On a Roll: The SEC Continues to Deliver on its Promise to Seek Admissions of Wrongdoing

The SEC announced last week that it has obtained yet another admission of wrongdoing in connection with an agreement to settle an SEC enforcement action.  This time, Peter A. Jenson, the former COO of Harbinger Capital Partners LLC, admitted that he aided and abetted Harbinger’s CEO, Philip Falcone, in obtaining a fraudulent loan from Harbinger.  Jenson agreed to a $200,000 penalty along with a two-year suspension from practicing as an accountant on behalf of any SEC-regulated entity.  The settlement awaits court approval.

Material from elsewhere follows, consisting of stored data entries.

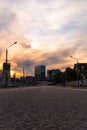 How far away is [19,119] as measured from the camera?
1186cm

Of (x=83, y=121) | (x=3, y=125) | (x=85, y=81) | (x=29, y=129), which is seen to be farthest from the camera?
(x=85, y=81)

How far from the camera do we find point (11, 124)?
10586 mm

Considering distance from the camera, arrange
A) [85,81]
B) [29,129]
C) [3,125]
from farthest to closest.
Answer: [85,81]
[3,125]
[29,129]

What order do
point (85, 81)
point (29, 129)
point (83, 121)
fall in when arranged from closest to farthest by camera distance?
point (29, 129)
point (83, 121)
point (85, 81)

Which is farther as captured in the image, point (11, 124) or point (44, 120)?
point (44, 120)

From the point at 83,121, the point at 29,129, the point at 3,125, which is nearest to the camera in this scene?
the point at 29,129

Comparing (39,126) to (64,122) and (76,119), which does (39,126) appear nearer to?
(64,122)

The Jenson settlement is the latest in a series of settlements in which the SEC has obtained admissions of wrongdoing since announcing changes to its “no admit/no deny” settlement policy in June 2013. Other examples include the March 2014 Lions Gate settlement, the February 2014 Scottrade settlement, and the August 2013 Falcone/Harbinger settlement that settled charges related to those Jenson settled last week.   

The Jenson settlement is of particular interest because it is the first admission-of-wrongdoing settlement announced since the Second Circuit last month curtailed courts’ ability to reject proposed SEC settlements when it overturned U.S. District Judge Rakoff’s rejection of a SEC-Citigroup settlement in which Citigroup did not admit wrongdoing.  The Jenson settlement suggests that the SEC will continue to pursue its policy to seek admissions of wrongdoing in certain cases.

The Jenson decision is also notable because the target was an individual who aided and abetted securities violations, as opposed to acting as a primary violator.  As the SEC noted in its press release, the “settlement shows that we hold accountable not only those who perpetrate a scheme, but also those who enable them.”